THE TASK
Your answer is the lines below, exactly, from the one that contains "Kirayə verilir 2 otaqlı yeni tikili 77 m²" through the one that contains "Lot de 2, bracelet", both included.

DATA FOR ANALYSIS
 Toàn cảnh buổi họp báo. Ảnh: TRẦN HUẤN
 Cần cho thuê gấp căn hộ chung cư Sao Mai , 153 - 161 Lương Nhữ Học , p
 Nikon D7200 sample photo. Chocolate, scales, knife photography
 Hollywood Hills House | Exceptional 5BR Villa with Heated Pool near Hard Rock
...
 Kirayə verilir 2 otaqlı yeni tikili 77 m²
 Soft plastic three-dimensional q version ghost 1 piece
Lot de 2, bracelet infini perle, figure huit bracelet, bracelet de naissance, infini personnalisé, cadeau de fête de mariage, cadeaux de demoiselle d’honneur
==
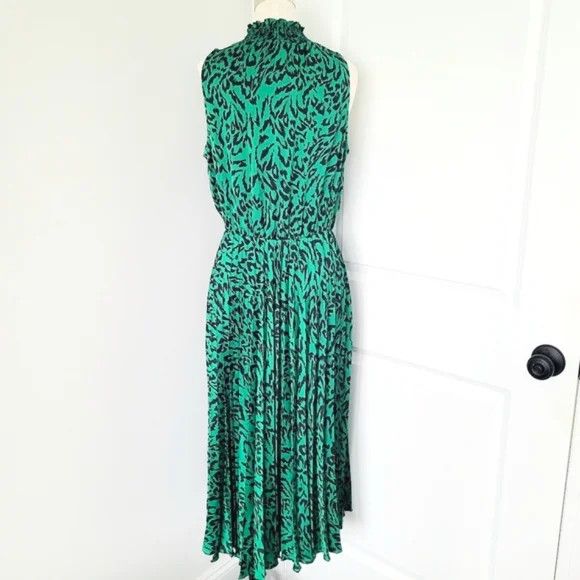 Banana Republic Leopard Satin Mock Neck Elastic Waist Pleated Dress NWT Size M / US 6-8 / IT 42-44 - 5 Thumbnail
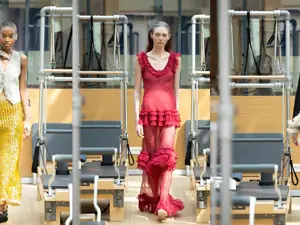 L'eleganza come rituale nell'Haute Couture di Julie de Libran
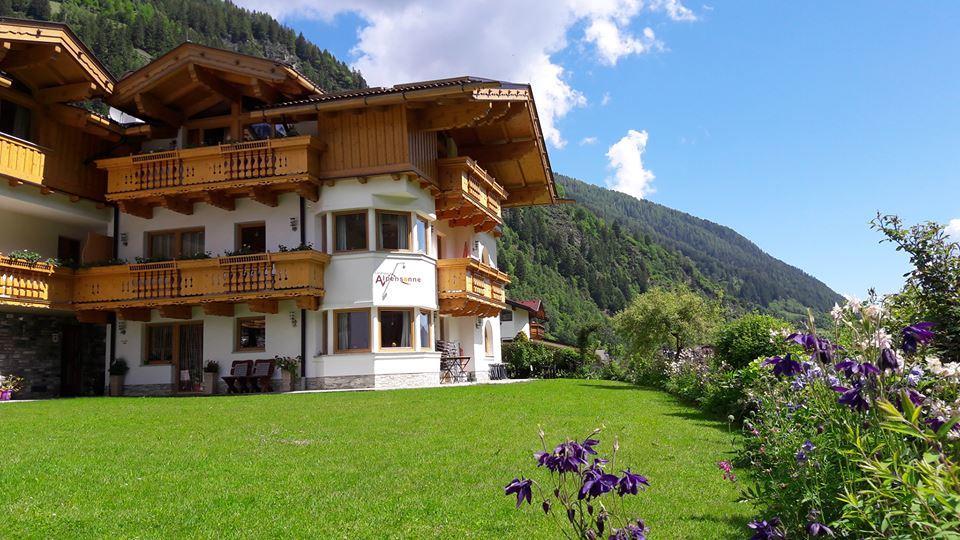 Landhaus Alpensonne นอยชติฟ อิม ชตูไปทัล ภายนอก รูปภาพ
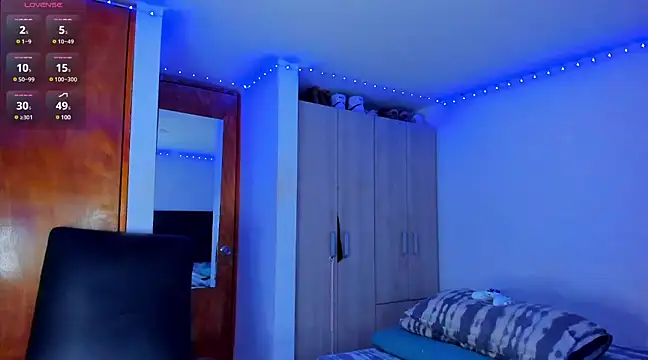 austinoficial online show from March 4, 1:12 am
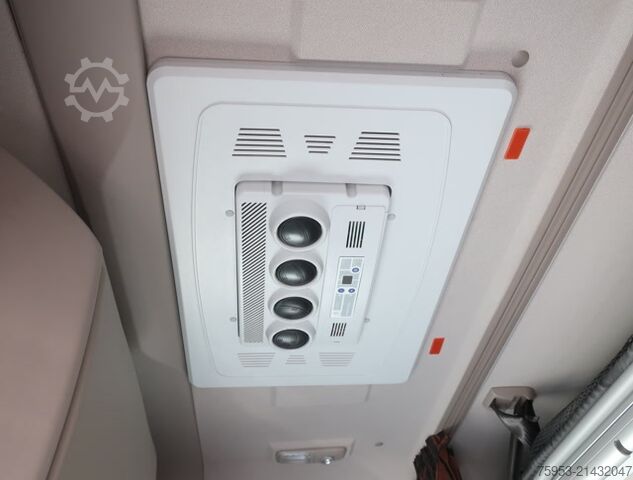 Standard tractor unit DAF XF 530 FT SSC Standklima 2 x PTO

SOLVED EXERCISE
 Kirayə verilir 2 otaqlı yeni tikili 77 m²
 Soft plastic three-dimensional q version ghost 1 piece
Lot de 2, bracelet infini perle, figure huit bracelet, bracelet de naissance, infini personnalisé, cadeau de fête de mariage, cadeaux de demoiselle d’honneur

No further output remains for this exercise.